One of his most renowned arguments was that meaning construction in texts did not follow the ‘slot-and-filler’ model proposed by generative theory. That is, he argued that while Chomsky’s tradition defined production of meaning through the filling of grammatical slots with virtually any random word, according to speaker’s choice, corpora investigation revealed that meaning derives from phrases, which are more or less fixed and have varied extent.
Sinclair’s idiom principle, “that a language user has available to him or her a large number of semi-preconstructed phrases that constitute single choices, even though they might appear to be analysable into segments” (Sinclair, 1991, p.110), has thus revolutionised linguistics, opening up unprecedented possibilities for research on how language works.
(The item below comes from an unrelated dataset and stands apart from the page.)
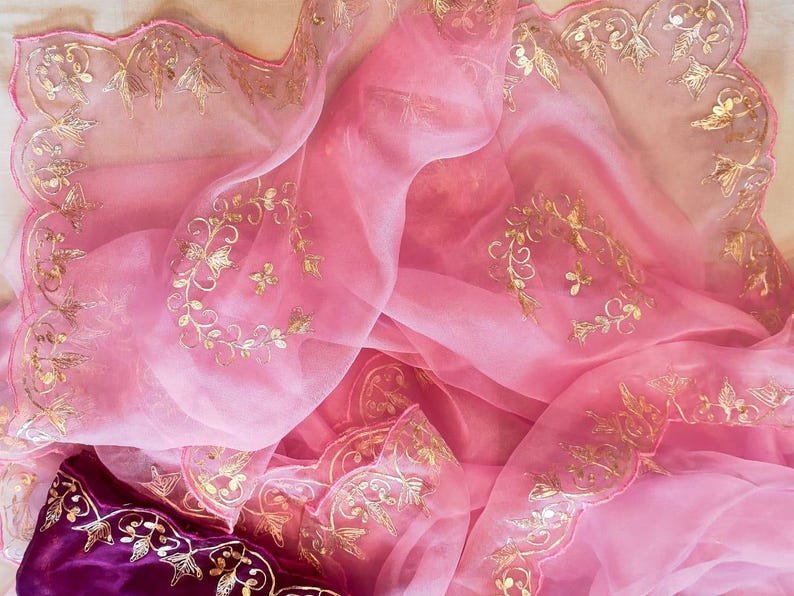 K&ouml;nnte beinhalten: Ein flie&szlig;ender, durchsichtiger rosa Stoff mit aufwendiger goldener Stickerei. Der Stoff ist drapiert und gefaltet und zeigt die zarten Blumen- und Blattmuster. Ein tiefvioletter Stoff mit goldener Stickerei ist unten sichtbar.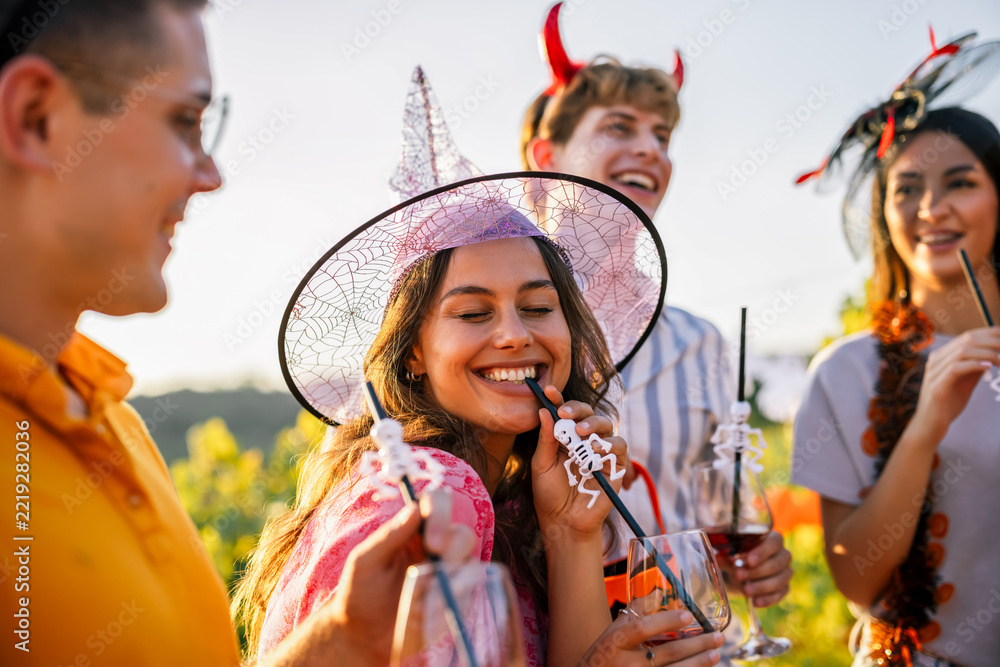 Fototapeta premium Woman in witch hat smiling with friends at a Halloween vineyard party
For instance, it has been shown that phraseology is pervasive and highly frequent in language. Stubbs (2006, p. 24) indicates that Mel’čuk’ s (1998) estimates of a frequency of “ten times as many phrasal units as individual words” in language. Gries also shares this view. He succinctly explains how meaning depends on words co- relations:
(…) formal differences reflect, or correspond to, functional differences. Thus, different frequencies of (co-) occurrences of formal elements […] are assumed to reflect functional regularities, and ‘functional’ is understood here in a very broad
73
sense as anything – be it semantic, discourse-pragmatic, …- that is intended to perform a particular communicative function. (Gries, 2009, p.4)
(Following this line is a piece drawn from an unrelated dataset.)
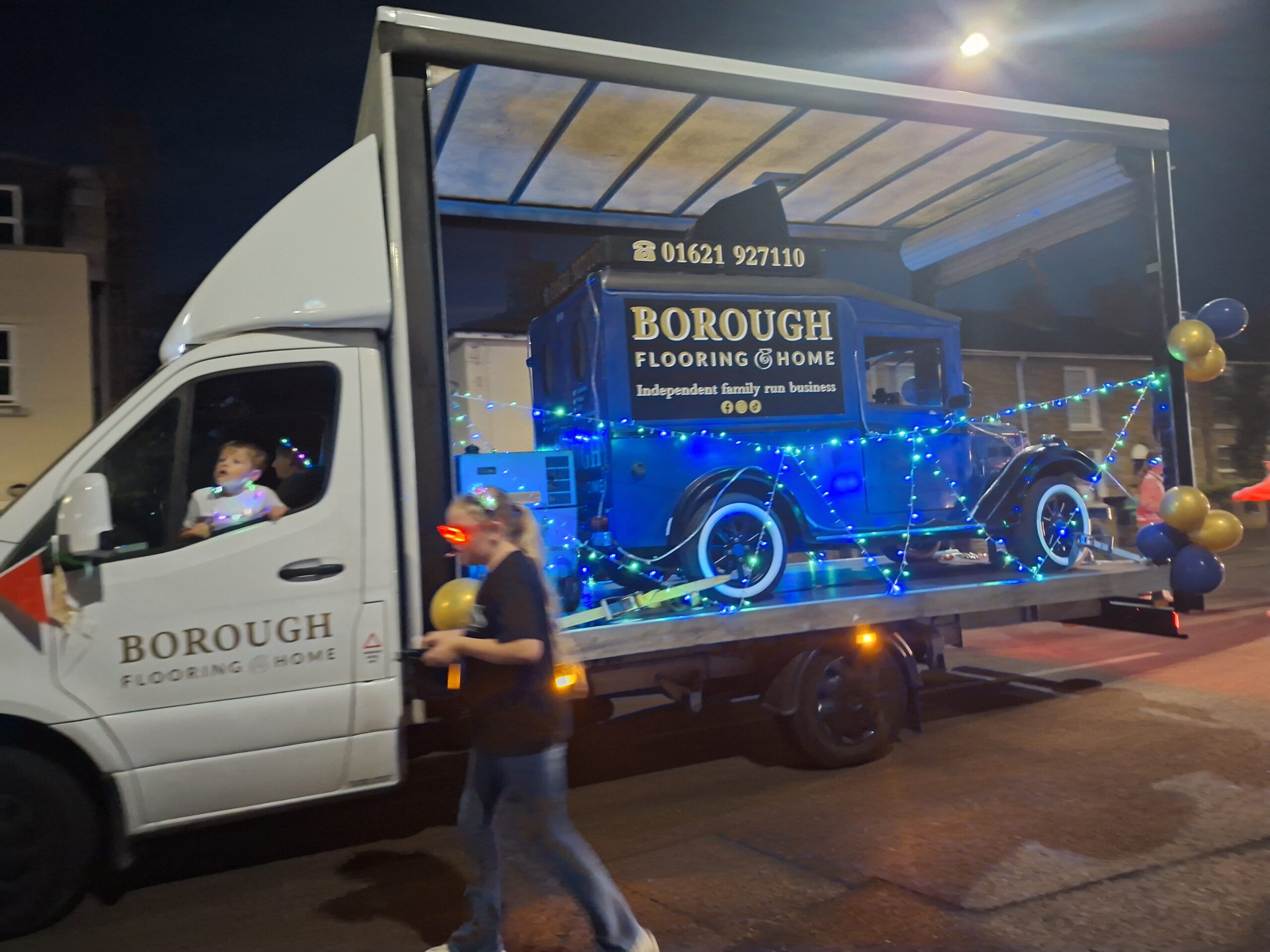Borough Flooring and Home illuminated carnival entry with a blue vintage vehicle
In this vein, painstaking analysis of lexical items and inspection of recurrent structures in very large amounts of naturally occurring language evidence soon became a method largely adopted in a variety of studies. This is the case of many studies on academic language, as presented in Chapter 2, which use corpora for analysing multi- word units82 and their meaning, function or specialized use with regard to genre,
discipline, writing expertise and language proficiency variation.
As can be seen, corpus linguistics has restored empirical research to a legitimate position within language studies. In consequence, corpora have been exponentially increasing not only in size – mega corpora, as it will be shown later, are reaching sizes of 20 billion words – but also in language coverage. While in the beginning of electronic corpora, the vast majority of them concerned the English language, popularization of access to corpus tools and language resources, due to exponential progress of language technology software and the increasing availability of Internet connections, has enabled corpus compilations of several additional languages, many of them with no, or very little, (electronic) lexicographic tradition, e.g. Mirandese, Yoruba, and other Portuguese varieties (from Mozambique and Cape Verde).
Accordingly, irrespective of the theoretical paradigm from which corpus-based research is undertaken, it can be argued that corpus linguistics today owes its fundamental characteristic to Sinclair’s ground-breaking demonstration of an unknown facet of the language: meaning derives from the relation that words maintain with other words.